That film in our heads is the blessing and curse of humanity. Our peculiar connection to what we call ‘history’ has been a notable characteristic of our species, often not complete or exact, but in full color, stereophonic sound and smell-o-vision.
Yet it’s been going out of fashion in big ways and small, and that to me is cause for concern. The last few years, my husband was been required to attend ‘team building’ and ‘idea sharing’ workshops at the non-profit where he works. Team building and idea sharing are worthy goals, but the actual workshops use them as buzz words, while they pursue other agendas.
Most of the employees are under 40 something, and the concepts of “context” and “corporate memory” have no relevance to them — all employees over 50ish are regarded as out-of- touch, too old to have anything valuable to contribute.
The irony is that the “cutting edge” ideas the younger generation have are not new at all — they are spending a lot of time re-inventing wheels that have already been rolling, sometimes for more than a generation before their arrival.
This is not isolated — I went through it in my work before retirement, and we hear of it from friends across the country.
Too many people with years of experience, and their employer’s history of successes and failures stored in their memories, are laid off, or fired, with no transition. Suddenly after they’re gone, some staffer realizes that there’s nobody left who knows who to call about equipment repairs, or where items only used seasonally are stored, there’s no one who knows when, where, how or what legal documents must be filed, when the next required tests of safety equipment and elevators are due, or even that the last time the company invested in a mass mailing it was a dismal failure and why.

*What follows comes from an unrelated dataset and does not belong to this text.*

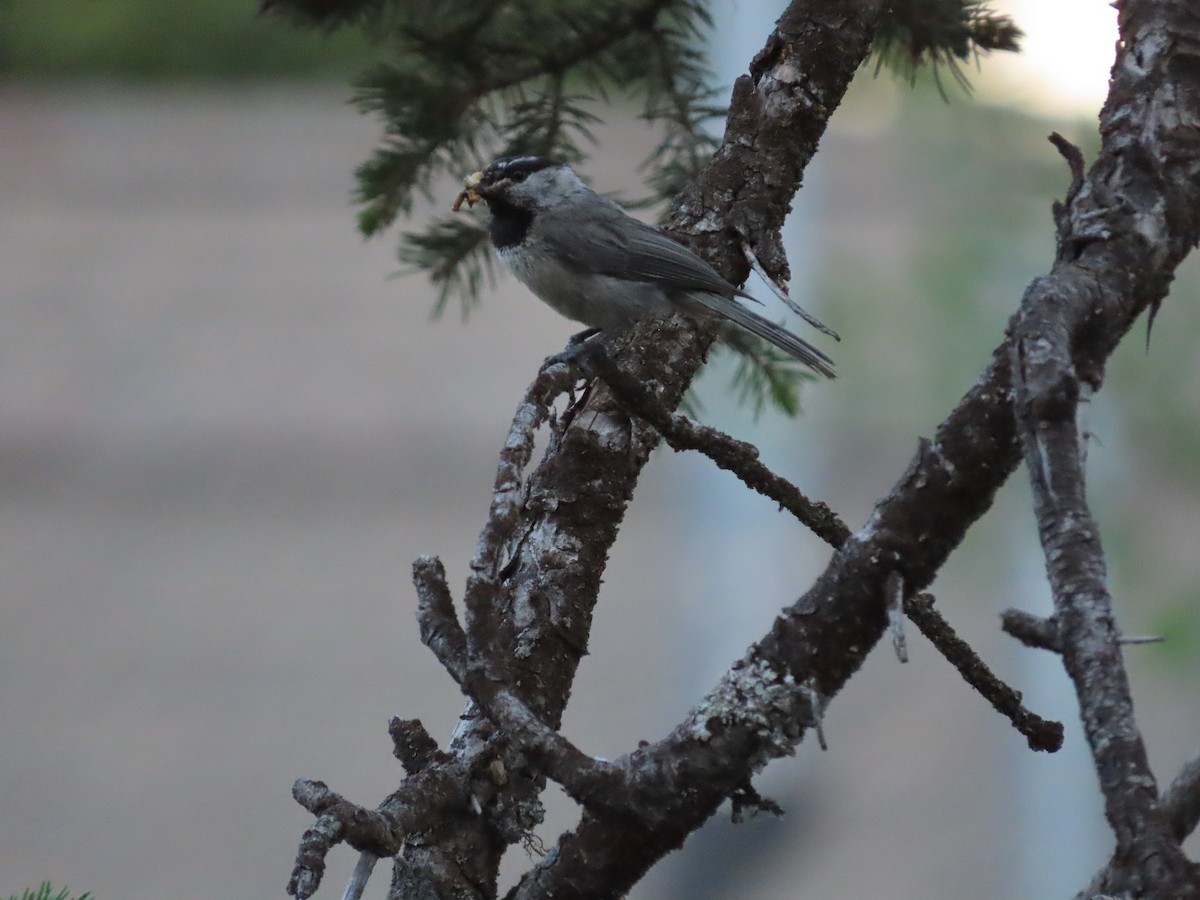 Mountain Chickadee - ML470472381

We are also losing the past as people are aging, victims of alzheimers and dementia, and dying. There are some isolated history projects — recording holocaust survivors, or the wartime experiences of service men and women in WWII, Korea and Vietnam. But is anyone talking to retired teachers or mechanics, to doctors or state- and local- level politicians? To union organizers or migrant workers, to veterans of the civil rights movement, garbage collectors, pioneering scientists or mathematicians? And who knows where interviews that have been collected are stored, or how to access them?

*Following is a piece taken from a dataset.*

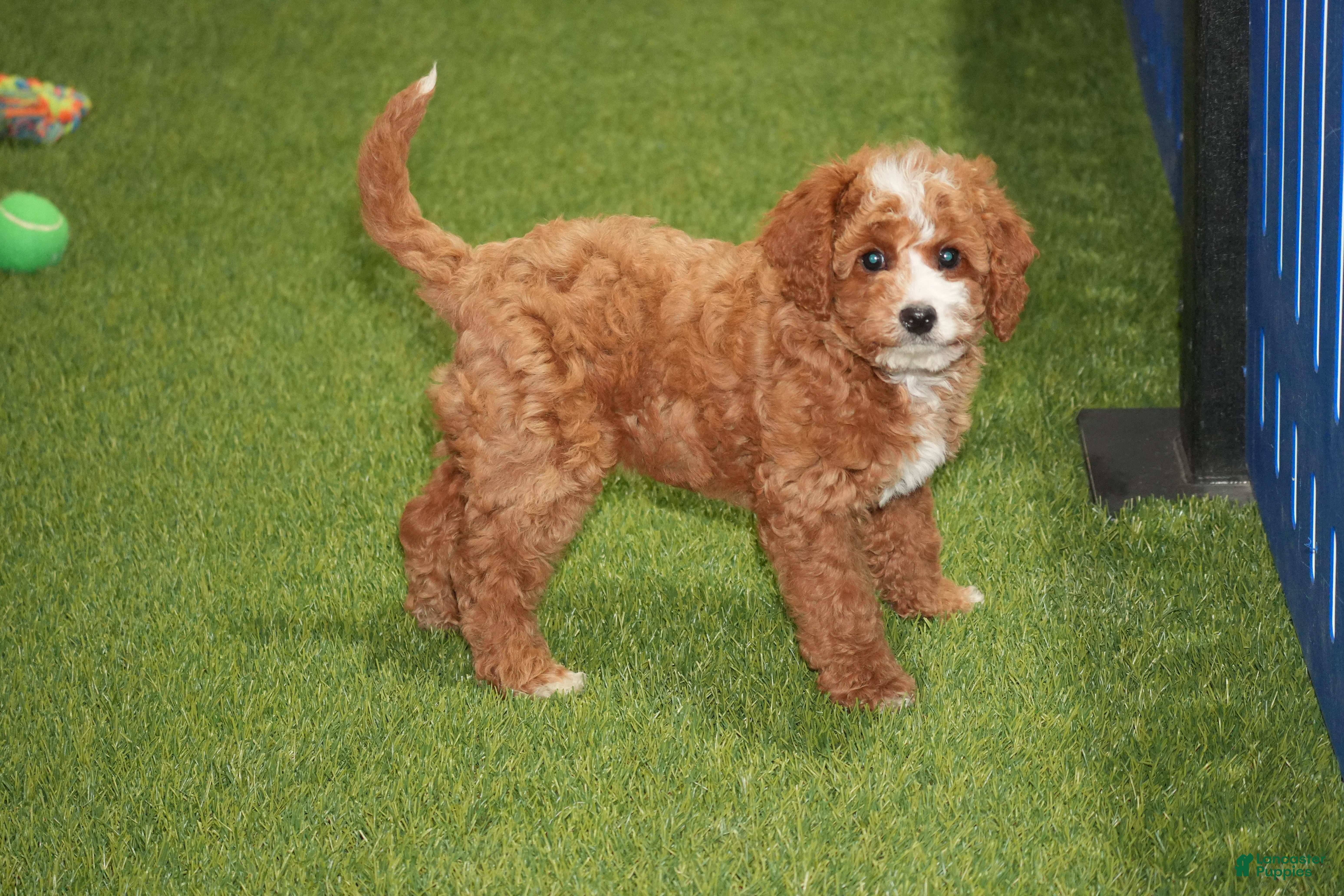 Cavapoo dogs Allison - Ad 39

Not to mention that less and less actual history seems to be taught in our schools, and brick-and-mortar libraries and books stores are becoming rare. The Internet is approached with caution by most of my contemporaries — we know how easily inaccuracies can slip in, or things left out, because we’ve witnessed it before. I find it terrifying to talk to people who have blind faith in the accuracy of the Internet and television.
It is doubly dangerous in these perilous times, when lies are called ‘alternate facts’ and billionaire barbarians have taken over the White House and Congress.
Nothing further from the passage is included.